ヴィヤーサ
ドヴァイパーヤナ · クリシュナ・ドヴァイパーヤナ · ヴェーダヴィヤーサ
『マハーバーラタ』の作者とされる伝説的な聖仙。ヴェーダを四つに分けた編者であり、同時にこの物語の登場人物でもある。
解説
概要
ヴィヤーサ(Vyāsa / व्यास)は、『マハーバーラタ』の作者とされる伝説的な聖仙である。一つであったヴェーダを四つに配分(ヴィヤス)したことからこの名で呼ばれ、その意は「編者」である。プラーナの編者ともされ、『バーガヴァタ・プラーナ』は彼をヴィシュヌの化身の一つに数える。本名はドヴァイパーヤナ(島で生まれた者)。作者でありながら自ら登場人物として物語に関与するという、他に類のない位置を占める。
神話・物語
聖仙パラーシャラとサティヤヴァティーの子で、ヤムナー河の中洲で生まれたことからドヴァイパーヤナと名づけられた。母が後にクル王シャーンタヌの妃となったため、彼はクル王家の血縁に連なる。
その関与が決定的になるのは、王家の血統が絶えかけたときである。異父弟ヴィチトラヴィーリヤが子を残さず死に、ビーシュマは誓いゆえに跡継ぎをもうけることを拒んだ。そこで母サティヤヴァティーは、婚前に産んでいたヴィヤーサを呼び寄せる。ニヨーガ(夫を失った妻が別の男との間に子を得る慣行)により、アンビカーからドリタラーシュトラ、アンバーリカーからパーンドゥ、そしてアンビカーの代理を務めた侍女からヴィドゥラが生まれた。恐ろしい姿の聖仙を前にアンビカーが目を閉じたために子は盲目に生まれ、アンバーリカーが青ざめたために子は色白に生まれたと語られる。侍女だけが恐れずに迎えたため、ヴィドゥラは三人のうち最も賢明であったという。叙事詩の全登場人物の運命が、この一夜に発している。
以後も彼は要所で現れる。ガーンダーリーに百人の子を得る恩寵を与え、産み落とされた肉塊を百に分けるよう指示した。ドラウパディーが五人の夫をもつことに難色を示す父ドルパダには、前世の因縁を説いて納得させている。追放中のユディシュティラを訪ねて教えを授け、戦後には嘆く老王ドリタラーシュトラのために、死者たちを一夜だけ河から呼び戻したとも伝えられる。

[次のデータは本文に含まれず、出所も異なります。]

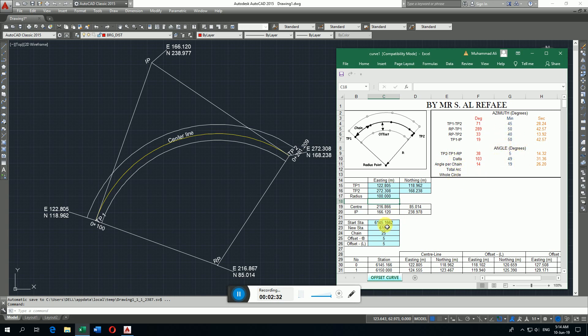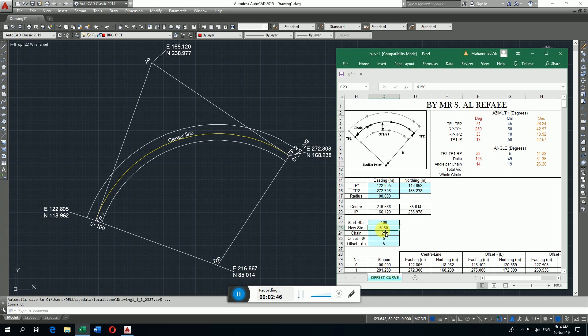The start chainage is 0+100. If you want any station, maybe 0+108 or 0+109 like that, so I put only 110. Then the chaining interval, 10 meter, 5 meter, how much you want to calculate the coordinate, I enter 10 meters.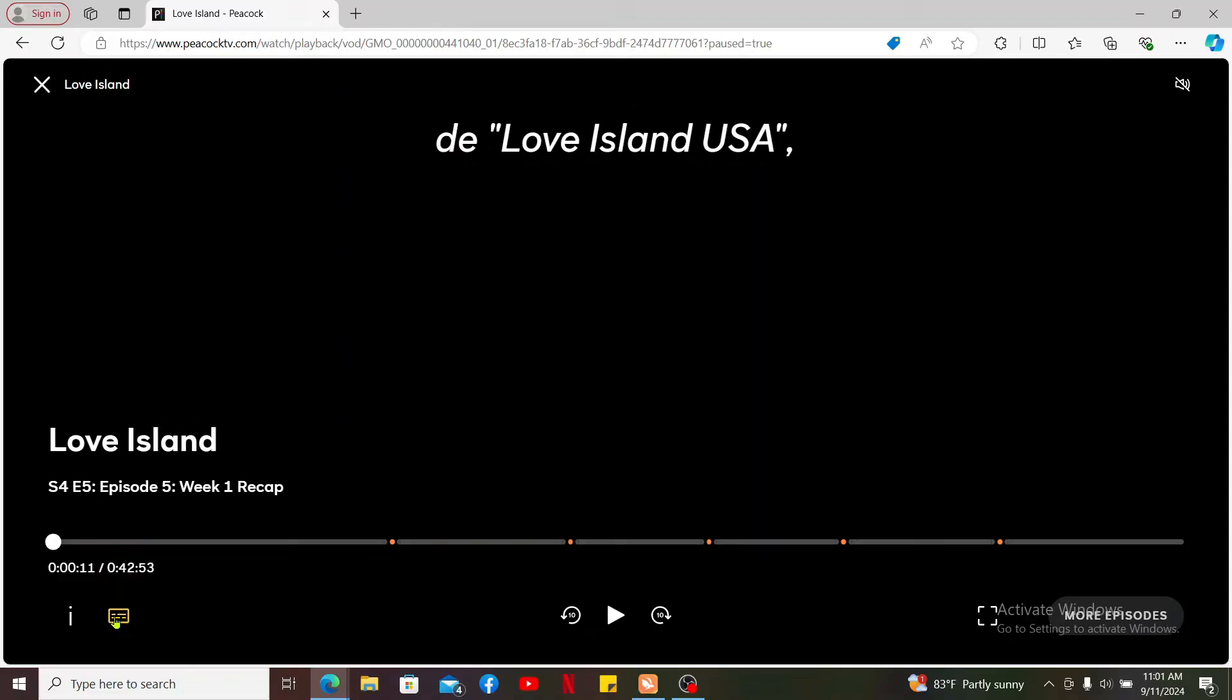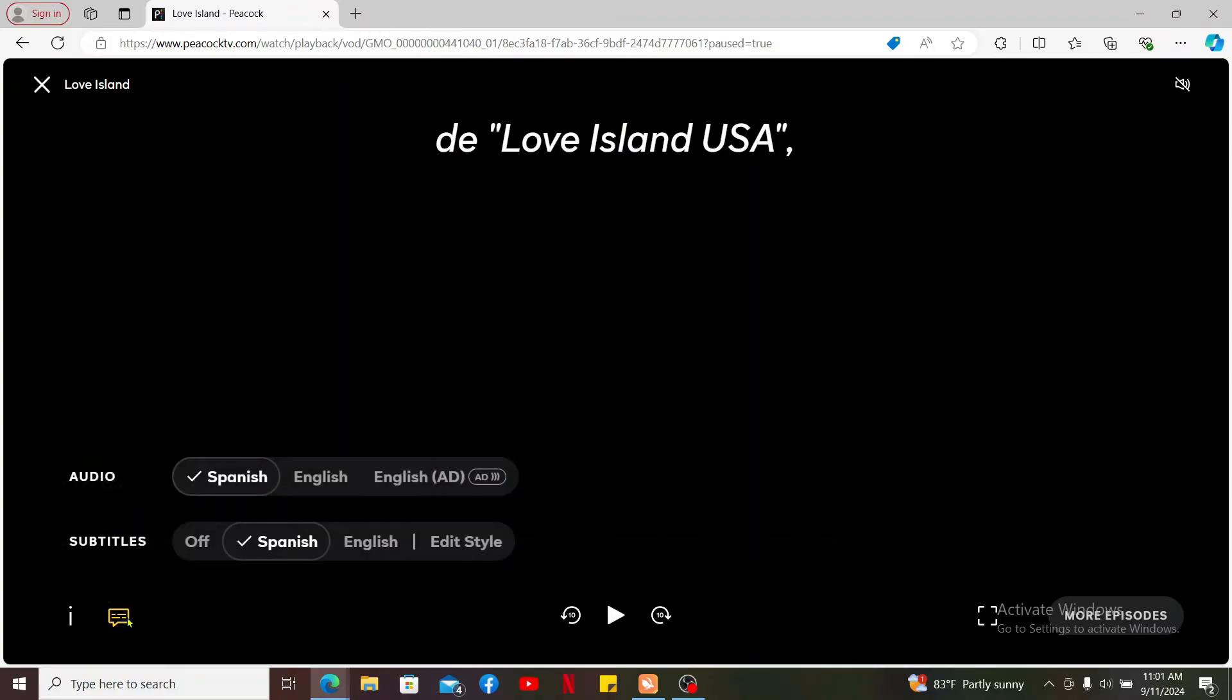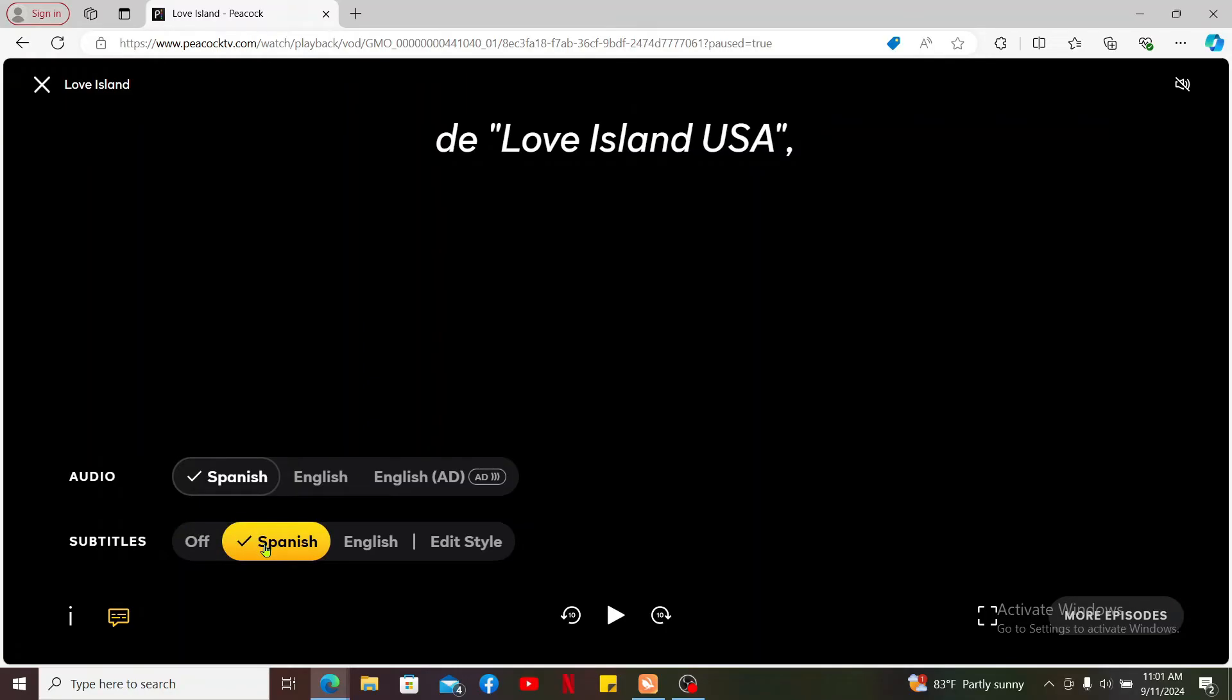Simply go to the bottom left corner while the content is still playing and click on this little speech bubble icon. This will bring up the audio languages and the subtitle settings on the page.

物語の成立そのものも語られる。全篇を心に成し終えた彼が、書き取る者を求めてブラフマーに相談すると、ガネーシャが推された。ガネーシャは、筆を止めずに済むならという条件を出し、ヴィヤーサは、意味を解さぬまま書いてはならぬという条件で応じたという。難解な詩節を挟んで考える間を稼いだという説明が添えられる。
図像と象徴
長い髭と結い髪をもつ老聖仙として描かれる。多くの場合、書き取るガネーシャと対で表され、語る者と記す者という組み合わせが図像の型をなす。象徴は写本と数珠である。
系譜と関係
父は聖仙パラーシャラ、母はサティヤヴァティー。異父弟にチトラーンガダとヴィチトラヴィーリヤ。ニヨーガによる子としてドリタラーシュトラ、パーンドゥ、ヴィドゥラがあり、パーンダヴァとカウラヴァの双方にとって祖父にあたる。妻との間に後継者で弟子のシュカがある。
文化的足跡
ヴィヤーサは個人の名であると同時に、時代ごとにヴェーダを整理する役職の名でもあるとされ、各カルパに一人ずつ現れると説かれる。ヒンドゥーの伝統では師を敬う日をグル・プールニマー(ヴィヤーサ・プールニマー)と呼び、彼の誕生日として祝う。文献学の観点からは、『マハーバーラタ』は長期にわたって成長した層状の作品であり、単一の作者を想定することはできない。ヴィヤーサという名は、その集積を一人の作者に帰する伝統的な枠組みとして理解されている。